Ausnahmevorschriften wie die Vorschrift des § 6 Abs. 5 StrWG sind grundsätzlich nicht analogiefähig, weil es an der Planwidrigkeit der Regelungslücke fehlt. Der Gesetzgeber sah das Erfordernis von Ausnahmen von der Grundregelung – eine Widmung durch Verfügung gem. § 6 Abs. 1 und 2 StrWG - und hat diese in der Vorschrift § 6 Abs. 5 StrWG in nicht exemplarischer Art und Weise abschließend geregelt. Die Möglichkeit einer Widmungsfiktion qua Erwerb von Grundstücken, die an gewidmeten öffentlichen Straßen anliegen, wurde gerade nicht geregelt, obwohl diese Variante nicht fernliegend ist und dem Gesetzgeber bekannt gewesen sein dürfte.

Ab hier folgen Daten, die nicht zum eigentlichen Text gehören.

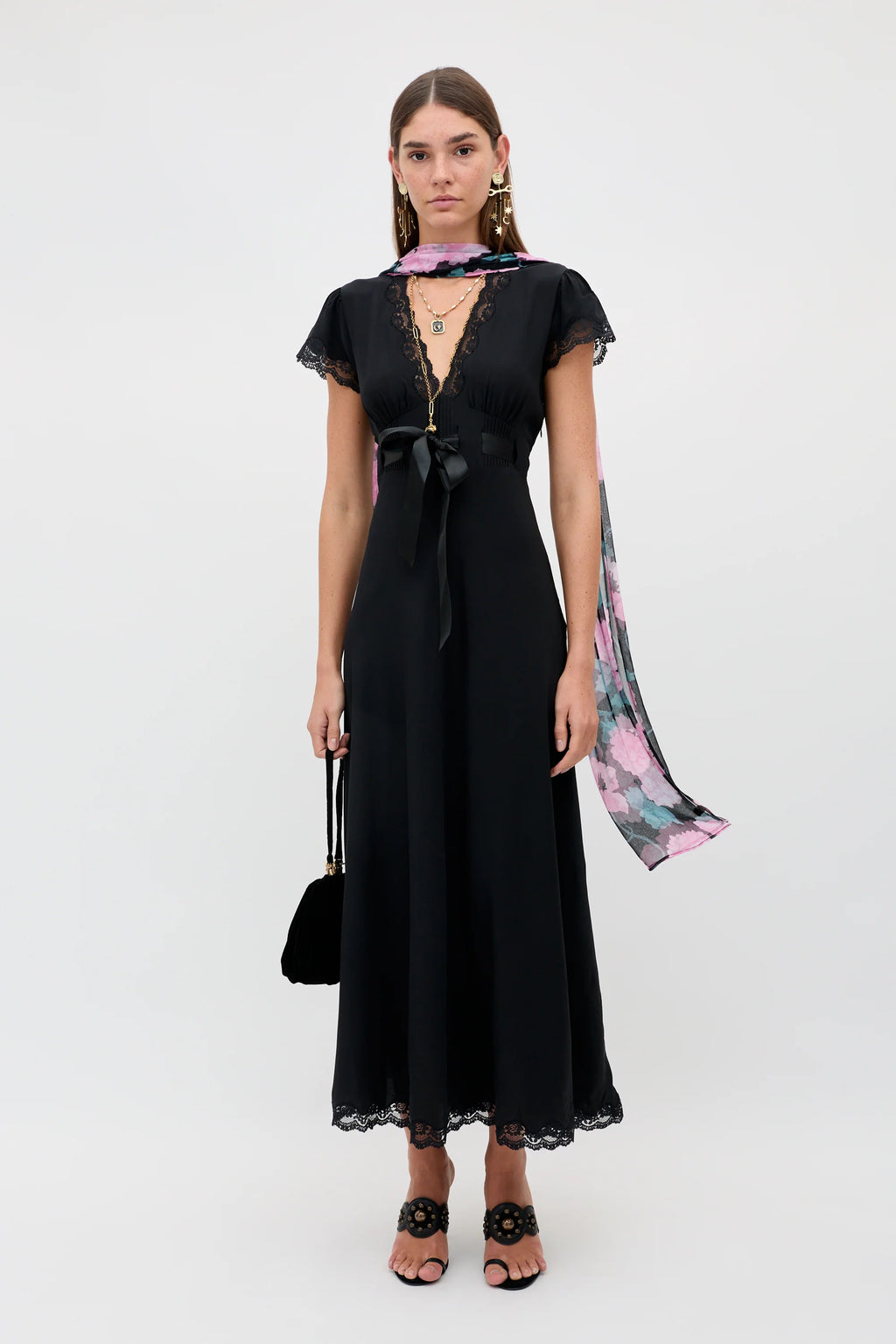 RIXO Marlice Silk Midi Dress in Black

Gründe, dennoch ausnahmsweise eine Analogiefähigkeit der Vorschrift anzunehmen, sind nicht ersichtlich.

Die Flurstücke sind auch nicht qua § 2 Abs. 2 Nr. 1 StrWG Teil der öffentlichen Straße. Aus § 2 Abs. 1 StrWG und der ratio des Gesetzes ergibt sich, dass nur solche Gehwege gemäß 2 Abs. 2 Nr. 1 StrWG Teil der öffentlichen Straße sind, die bereits zum Zeitpunkt der Widmung der Straße vorhanden und im Eigentum der Stadt gewesen waren. Liegen diese Voraussetzungen nicht vor, so ist § 6 Abs. 5 StrWG die speziellere Norm, die über§ 2 Abs. 2 Nr. 1 StrWG nicht umgangen werden darf.

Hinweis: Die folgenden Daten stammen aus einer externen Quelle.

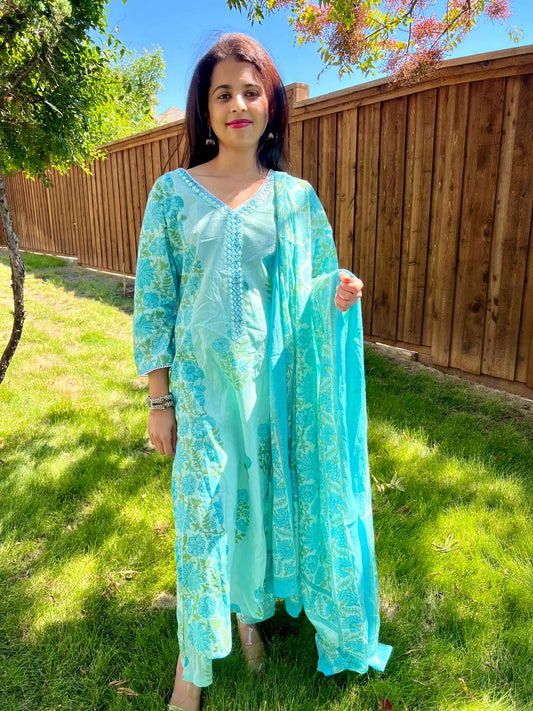 Blue Chudi Set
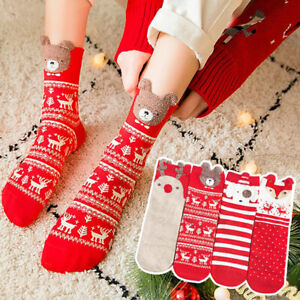 Women Ladies Girl Christmas Socks Fluffy Xmas Warm Winter Cute Bed Stocking Gift
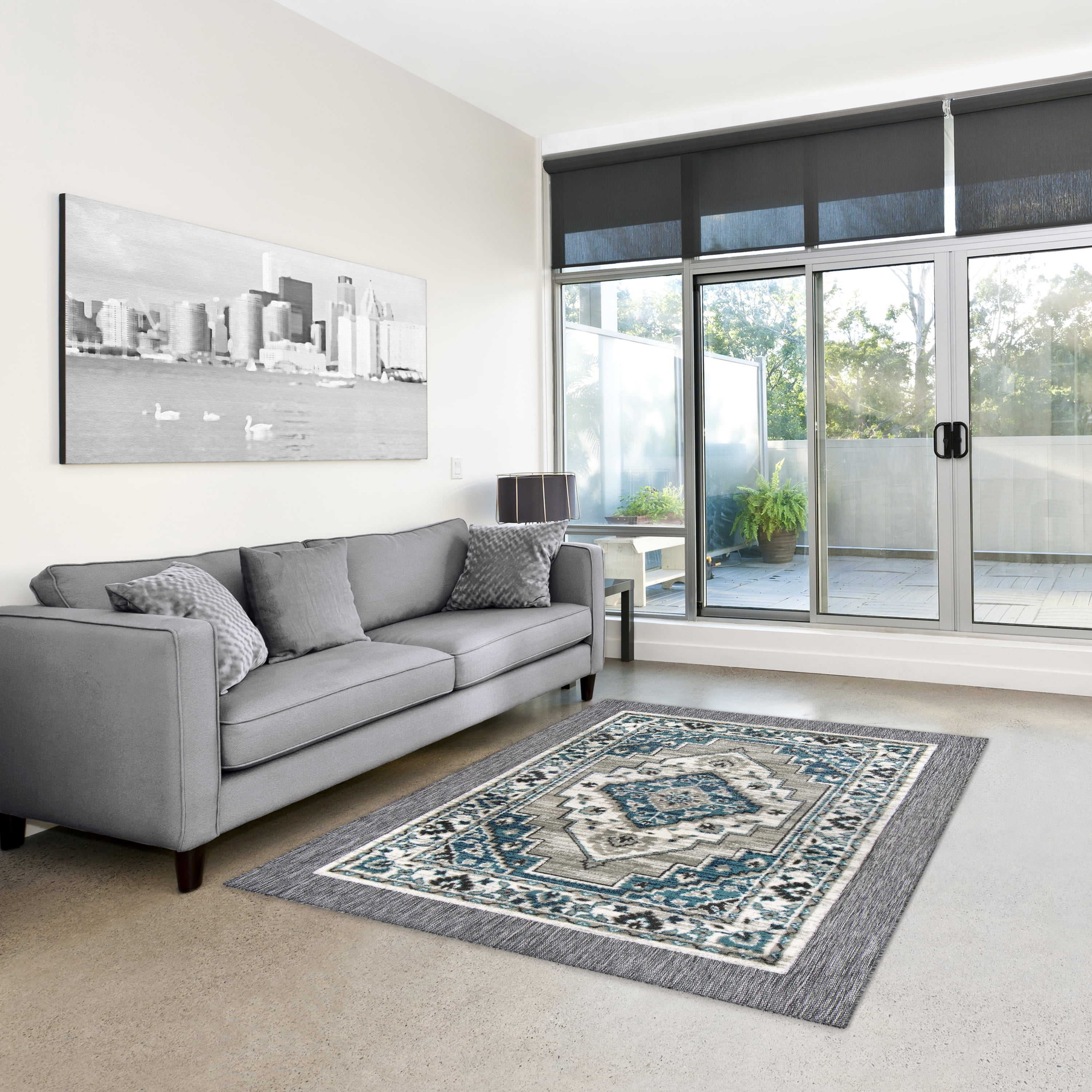 Mainstays Neutral Medallion Persian, Faux Layered, Indoor Area Rug, 5'x7'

Ein dingliches Wegerecht besteht auch über die Flurstücke ... und ... nicht. Die Antragstellerin hat jedoch in Form von Notwegerechten gemäß § 917 Abs. 1 Satz 2 BGB einen rechtlich zulässigen und dauerhaften Zugang über Anliegergrundstücke zur Uferstraße.

Es besteht keine Verbindung des Grundstückes der Antragstellerin zu einem öffentlichen Weg, eine solche ist zur ordnungsgemäßen Benutzung des Grundstückes, auf dem sich ein Betrieb befindet, erforderlich und die Benutzung des Verbindungsgrundstückes ist ferner notwendig. Ob auch das für das Bestehen eines Notwegerechts konstitutive Duldungsverlangen – ggf. konkludent durch jahrelange einvernehmliche Nutzung – vorliegt, kann mit Blick auf die Beitragspflicht der Antragstellerin offen bleiben, da in dem Falle, dass ein Duldungsverlangen nicht vorliegt, dieses Hindernis zur Begründung eines Notwegerechtes allein von der Antragstellerin abhängig ist und dieses Hindernis somit beitragsrechtlich ohne Bedeutung ist (vgl. OVG Schleswig, Urteil vom 08.07.2015 - 4 LB 15/14 -).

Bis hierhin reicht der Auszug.